Americans had big, noisy gatherings with extended families and groaning boards of overflowing food. We had a quiet family dinner and acknowledged the harvest. OK, I’m exaggerating, but you get the picture.

I Had To Adapt
once I was raising a family in the U.S. Particularly here in Massachusetts, there was a certain pride of place in the whole Plymouth Rock scenario. Though I must admit, I still have never cooked an entire turkey.

An Attitude of Gratitude
You’ve probably heard this phrase, but what does it really mean? I think of it as trying to be grateful on a regular basis for things large and small in my life. Trying to focus on the positive. But hey, we’re communicators! The trick is not to stay silent, but rather to express gratitude and appreciation whenever we can.

Please And Thank You
When I first became a manager, someone advised me that no employee ever hears the words “please” and “thank you” enough. This was, and is, great advice. And this is the perfect time of year to remember the Thanks in Thanksgiving. How many ways can we thank colleagues, team members, clients, vendors?

In Meetings
You know how when you’re on a Zoom/Teams call and you say something and then somebody else says something without ever acknowledging what you have just said? Do you ever think, “Did they even hear me?” Please do not be that person. Please acknowledge what the previous speaker has said.

Thanks, Consuela, I appreciate you bringing up that point. It makes me think of the…

Darnell, you described the most recent marketing trends we’re seeing and I’d like to add…

Building on Jackson’s ideas, I’ll recommend…

In Q&A
When you’re asked a question, saying, “That’s a great question.” to buy time while you’re madly framing your answer has pretty much lost all meaning. (Unless, of course, it’s REALLY a great question.). Try a more personal acknowledgement.

Terry, I want to acknowledge this is definitely a difficult issue we’re looking at.

Sara, your question really cuts to the bone of why we’re…

In Emails
As simple as it sounds, always remember to include at least one “please” or “thank you.” I often close with the phrase “Many thanks.” Consider making your first line one of gratitude; it’s a great way to stand out from the crowd.

Thanks for getting back to me asap.

I appreciate you taking a quick read of this and providing your comments.

Thank you for attending today’s call… I value your follow-up.

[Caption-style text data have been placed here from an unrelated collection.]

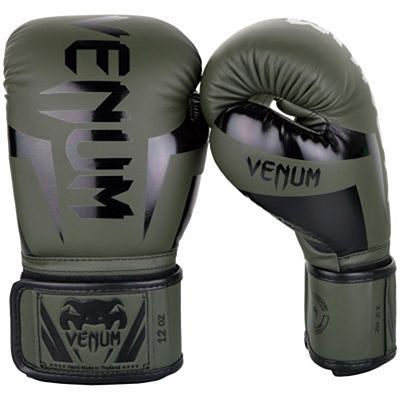 Venum Guantes Boxeo Elite Grün-Schwarz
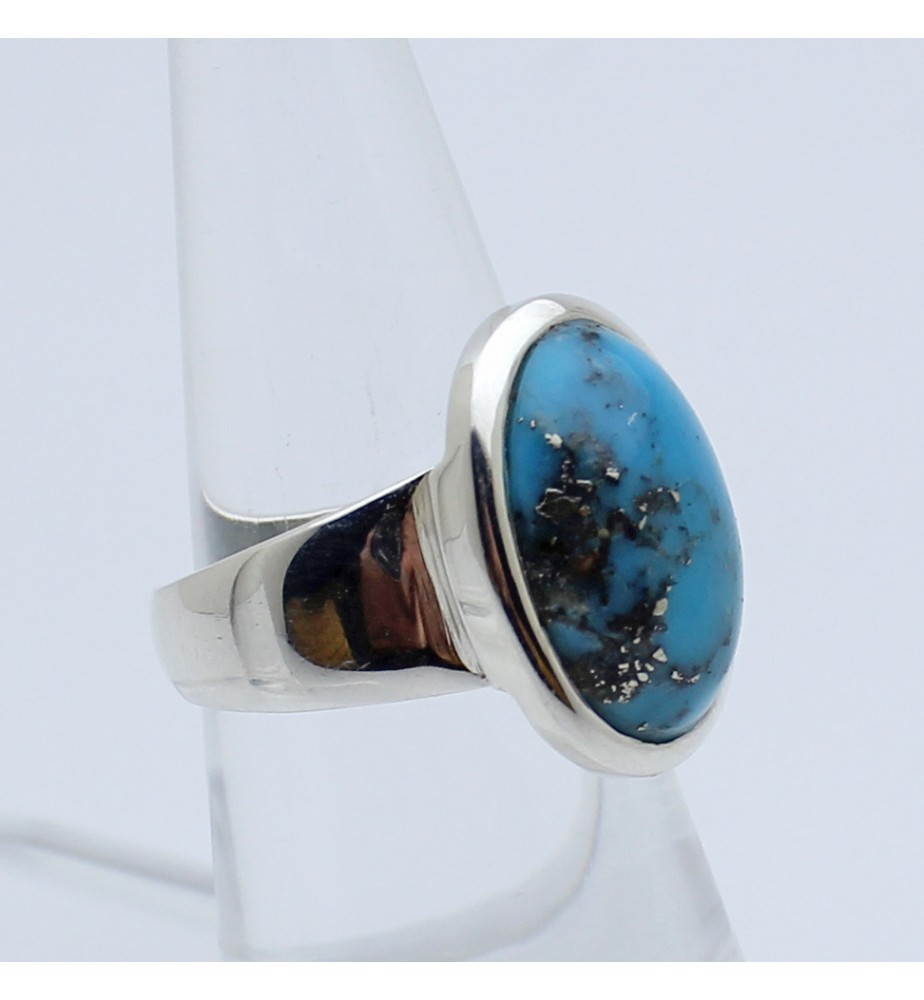 Bague argent et turquoise Bague argent et turquoise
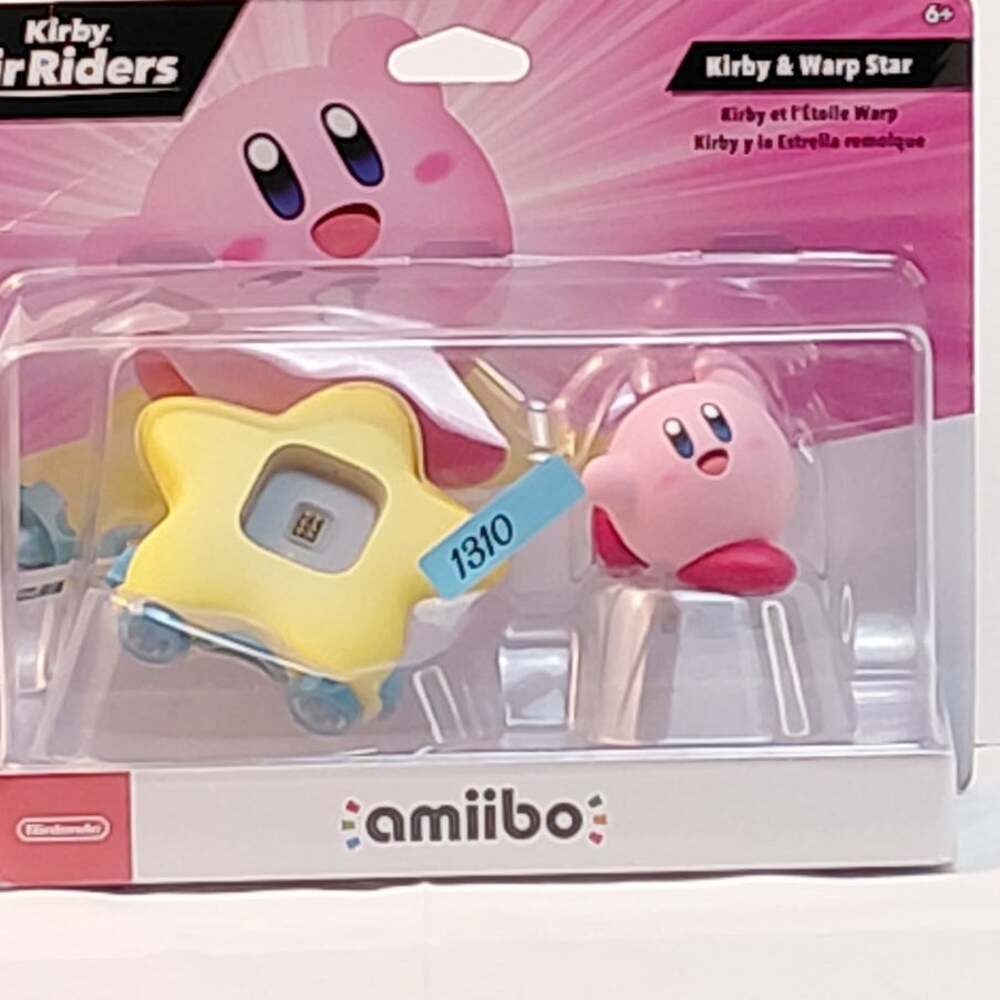 NWT Nintendo Kirby & Warp Star Amiibo Kirby Air Riders Series NEW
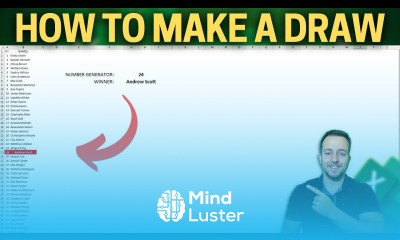 How to Draw a Winner From a List of Names in Excel RandBetween and Vlookup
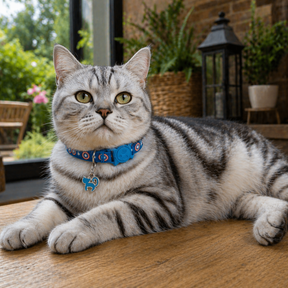 Coleira Antienforcamento Ajustável para Gatos - Estampa de Personagem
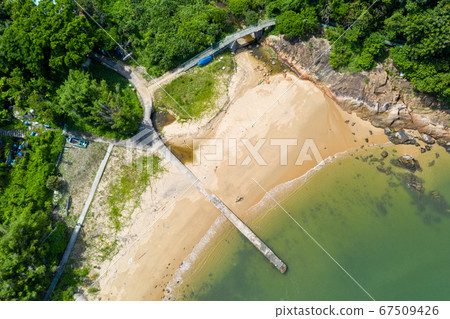 Aerial photo taken in the beautiful coastal Area Aerial photo taken in the beautiful coastal Area 67509426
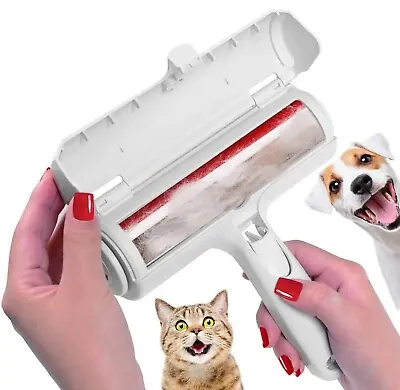 Pet Hair Remover Sofa Clothes Lint Cleaning Brush Reusable Dog Cat Fur Roller • £6.40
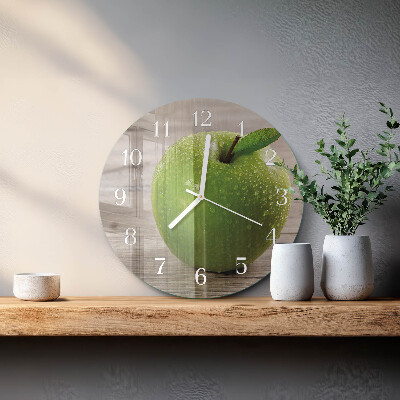 Round wall clock Apples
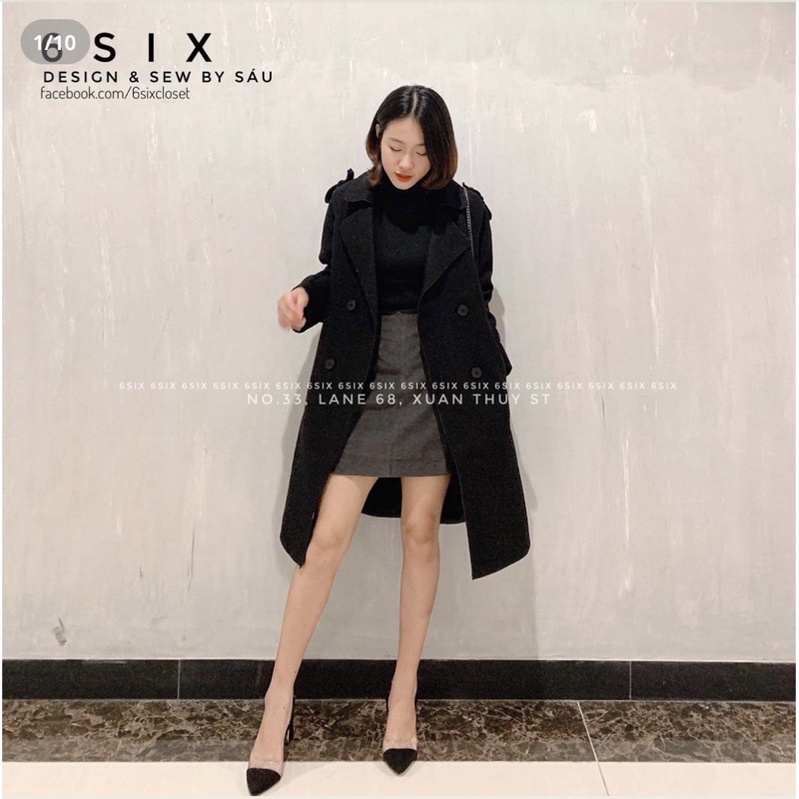 Áo khoác mangto brand 6six siêu đẹp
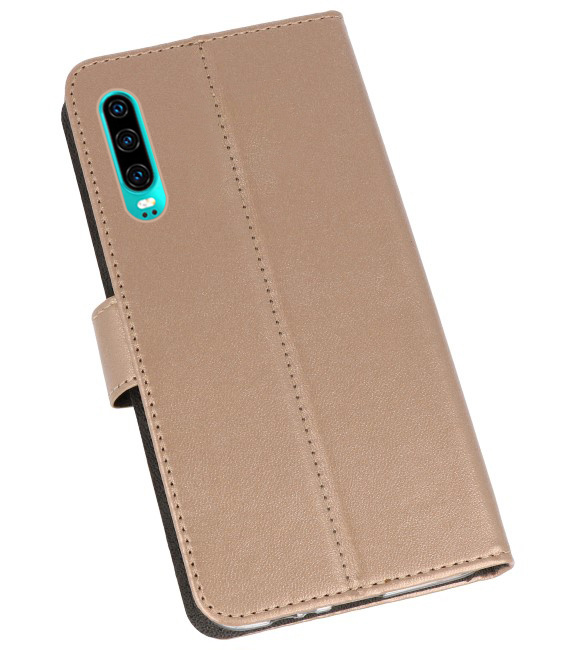 Wallet Cases Case for Huawei P30 Gold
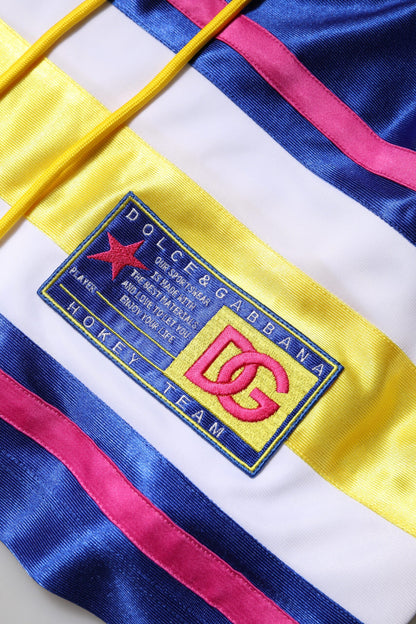 Dolce & Gabbana Multicolor Polyester Long Sleeves V-Neck Top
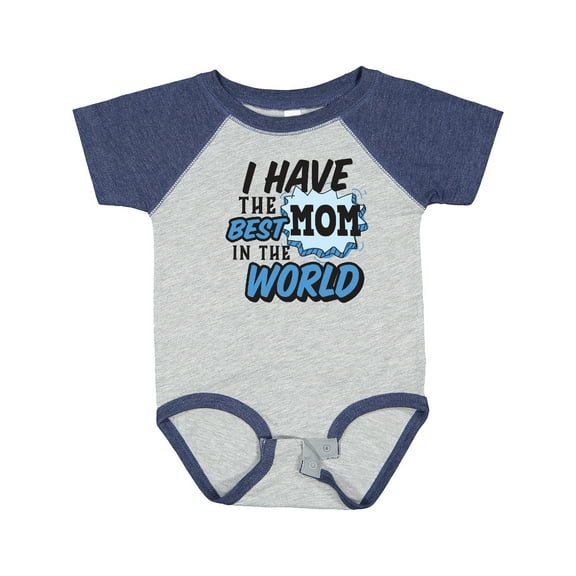 Inktastic I Have the Best Mom in the World with Speech Bubble Boys Baby Bodysuit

Thanks for reviewing this summary.

In Newsletters
Thanks for opening this email! Thanks for reading! Thanks for commenting! Thanks for giving me the opportunity to use this forum! You’re The Best!

Keep It Going
Try and keep the good vibes going, my friends. I know we’re closing in on the end of a difficult year and I know we’re experiencing a lot of fatigue. But here’s my thought: look for the gratitude and share it. We all need a little extra love. And we all deserve it.

Happy Thanksgiving to You and Yours. I thank you! And appreciate you!